# Cat Bordhi's free patterns



## pin_happy (Mar 23, 2012)

http://catbordhi.com/patterns/

Check them out and enjoy.


----------



## GDW (Nov 3, 2011)

thank you for sharing.


----------



## Pauline (Jan 23, 2011)

The first page is black so I am unable to print the pattern.


----------



## judyh47 (Nov 11, 2012)

Thanks for that. I knit while OH is driving, so the Moebius cowl is going to be my project for this year's touring holiday!


----------



## Yarnie.One (Jul 13, 2012)

Love the Coriolis socks! Almost enough to make start knitting socks at all! LOL


----------



## Alto53 (Jan 26, 2012)

Those are great, thank you!!


----------



## Nonan (Mar 27, 2011)

some of them are not free; anemone hat.


----------



## nemcfo (Jul 29, 2012)

Thanks for the link.
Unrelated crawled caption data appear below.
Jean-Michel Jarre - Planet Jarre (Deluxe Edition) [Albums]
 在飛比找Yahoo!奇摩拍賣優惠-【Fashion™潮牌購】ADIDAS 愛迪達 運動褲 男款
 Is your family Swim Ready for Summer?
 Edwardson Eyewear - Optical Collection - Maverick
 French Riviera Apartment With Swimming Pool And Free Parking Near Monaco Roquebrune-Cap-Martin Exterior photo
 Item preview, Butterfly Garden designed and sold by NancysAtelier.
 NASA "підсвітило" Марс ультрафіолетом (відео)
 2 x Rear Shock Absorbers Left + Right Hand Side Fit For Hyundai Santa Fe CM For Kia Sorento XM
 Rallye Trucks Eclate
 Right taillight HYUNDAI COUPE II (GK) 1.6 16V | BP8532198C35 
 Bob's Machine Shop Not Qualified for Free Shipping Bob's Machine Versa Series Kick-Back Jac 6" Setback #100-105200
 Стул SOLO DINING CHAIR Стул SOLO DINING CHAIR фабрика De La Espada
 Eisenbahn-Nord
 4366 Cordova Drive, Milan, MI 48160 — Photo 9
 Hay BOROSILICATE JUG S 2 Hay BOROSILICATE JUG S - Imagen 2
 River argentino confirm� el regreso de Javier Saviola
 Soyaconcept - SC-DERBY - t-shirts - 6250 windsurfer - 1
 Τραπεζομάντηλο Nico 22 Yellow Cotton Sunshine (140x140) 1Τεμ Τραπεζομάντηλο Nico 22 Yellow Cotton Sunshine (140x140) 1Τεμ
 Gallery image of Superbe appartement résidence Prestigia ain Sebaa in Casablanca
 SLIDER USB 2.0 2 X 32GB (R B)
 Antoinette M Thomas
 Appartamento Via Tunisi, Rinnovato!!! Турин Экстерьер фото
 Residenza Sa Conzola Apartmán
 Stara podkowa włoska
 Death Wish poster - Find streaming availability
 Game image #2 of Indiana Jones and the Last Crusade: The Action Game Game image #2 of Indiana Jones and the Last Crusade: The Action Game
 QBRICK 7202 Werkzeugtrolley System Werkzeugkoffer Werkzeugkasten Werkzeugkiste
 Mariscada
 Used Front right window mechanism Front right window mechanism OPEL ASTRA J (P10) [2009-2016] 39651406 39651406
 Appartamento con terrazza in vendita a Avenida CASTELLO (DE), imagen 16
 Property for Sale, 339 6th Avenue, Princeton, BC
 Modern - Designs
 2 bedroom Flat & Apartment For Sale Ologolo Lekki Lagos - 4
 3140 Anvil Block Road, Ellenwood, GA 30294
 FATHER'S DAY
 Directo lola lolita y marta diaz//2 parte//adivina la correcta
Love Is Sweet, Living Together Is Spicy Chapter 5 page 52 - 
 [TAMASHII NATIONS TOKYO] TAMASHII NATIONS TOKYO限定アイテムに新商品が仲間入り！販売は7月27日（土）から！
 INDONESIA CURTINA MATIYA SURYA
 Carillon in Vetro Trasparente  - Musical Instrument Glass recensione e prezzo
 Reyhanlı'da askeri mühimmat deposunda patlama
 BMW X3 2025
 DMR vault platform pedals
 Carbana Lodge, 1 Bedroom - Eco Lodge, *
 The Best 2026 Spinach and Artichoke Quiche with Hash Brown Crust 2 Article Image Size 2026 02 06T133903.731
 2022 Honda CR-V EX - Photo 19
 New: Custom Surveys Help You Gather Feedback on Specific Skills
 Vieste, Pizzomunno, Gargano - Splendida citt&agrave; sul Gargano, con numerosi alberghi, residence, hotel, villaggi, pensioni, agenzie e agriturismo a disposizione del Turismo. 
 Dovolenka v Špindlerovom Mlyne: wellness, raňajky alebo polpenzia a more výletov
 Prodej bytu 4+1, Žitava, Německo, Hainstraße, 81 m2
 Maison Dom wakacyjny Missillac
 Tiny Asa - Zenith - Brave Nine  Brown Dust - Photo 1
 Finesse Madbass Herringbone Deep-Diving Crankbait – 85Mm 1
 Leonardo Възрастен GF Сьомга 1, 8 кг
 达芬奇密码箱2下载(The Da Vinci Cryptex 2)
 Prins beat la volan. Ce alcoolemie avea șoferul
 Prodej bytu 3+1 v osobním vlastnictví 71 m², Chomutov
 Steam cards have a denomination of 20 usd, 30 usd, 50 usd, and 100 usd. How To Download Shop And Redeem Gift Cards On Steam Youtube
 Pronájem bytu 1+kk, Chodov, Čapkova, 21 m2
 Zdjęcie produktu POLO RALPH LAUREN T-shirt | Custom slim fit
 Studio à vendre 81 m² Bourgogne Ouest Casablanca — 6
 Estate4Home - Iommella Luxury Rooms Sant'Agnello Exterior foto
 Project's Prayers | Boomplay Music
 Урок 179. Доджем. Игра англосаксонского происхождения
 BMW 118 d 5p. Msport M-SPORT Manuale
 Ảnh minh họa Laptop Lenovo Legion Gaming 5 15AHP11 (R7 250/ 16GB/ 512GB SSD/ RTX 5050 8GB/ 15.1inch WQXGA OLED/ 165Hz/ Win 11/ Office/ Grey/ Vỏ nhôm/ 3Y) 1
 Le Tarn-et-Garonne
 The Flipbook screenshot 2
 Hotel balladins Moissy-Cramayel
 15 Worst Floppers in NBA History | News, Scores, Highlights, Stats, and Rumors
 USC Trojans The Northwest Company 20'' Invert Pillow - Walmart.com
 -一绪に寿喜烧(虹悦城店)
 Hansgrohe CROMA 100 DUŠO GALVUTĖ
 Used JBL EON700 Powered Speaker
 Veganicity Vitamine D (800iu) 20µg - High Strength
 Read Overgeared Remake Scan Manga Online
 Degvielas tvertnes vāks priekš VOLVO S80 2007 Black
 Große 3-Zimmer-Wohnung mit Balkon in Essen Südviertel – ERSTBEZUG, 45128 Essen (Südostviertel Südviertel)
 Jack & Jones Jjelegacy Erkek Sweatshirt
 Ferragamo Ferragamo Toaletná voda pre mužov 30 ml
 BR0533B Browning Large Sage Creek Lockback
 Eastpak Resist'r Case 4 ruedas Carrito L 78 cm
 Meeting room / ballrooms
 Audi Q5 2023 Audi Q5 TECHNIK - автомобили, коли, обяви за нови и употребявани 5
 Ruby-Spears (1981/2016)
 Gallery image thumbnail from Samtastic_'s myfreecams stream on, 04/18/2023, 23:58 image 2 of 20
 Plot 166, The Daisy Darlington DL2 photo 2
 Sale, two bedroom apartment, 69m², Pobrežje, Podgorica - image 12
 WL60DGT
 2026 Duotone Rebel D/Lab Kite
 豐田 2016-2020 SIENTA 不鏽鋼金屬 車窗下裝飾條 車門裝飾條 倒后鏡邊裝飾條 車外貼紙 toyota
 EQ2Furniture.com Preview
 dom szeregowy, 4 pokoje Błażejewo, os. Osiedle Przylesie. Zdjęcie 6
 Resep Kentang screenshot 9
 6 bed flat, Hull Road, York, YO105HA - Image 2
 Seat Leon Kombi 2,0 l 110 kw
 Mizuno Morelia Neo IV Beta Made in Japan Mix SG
I just bought sock yarn to make my first pair of socks. Just need to finish my Surprise Jacket first.


----------



## LadyBecket (Jun 26, 2012)

A lovely baby sock, thank you for the link!!!


----------



## jassik (Nov 11, 2011)

Unfortunately, Dardanelles neck warmer is NOT free.. And it is SOOO beautiful!


----------



## Ronie (Jan 21, 2011)

I have a 'suggested sites' tab on my computer and her site is one that is always there... right next to Ravelry.. I love Cat's way of teaching.. she talks to us in a way that anyone can understand... the way her mind works she would of been a great grade school teacher...


----------



## Reyna (Oct 24, 2012)

I really enjoy looking at all the patterns, even though I know I would not be able to knit them.I love the Anemone Hots, but find them a little creepy at the same time. I also loved the blanket which was kept in a yarn shop, and ladies would go in and knit some rows until it was finished! There were others I enjoyed looking at, but my memory is so bad that I can't remember, I will have to go and have another look! Thanks for posting.


----------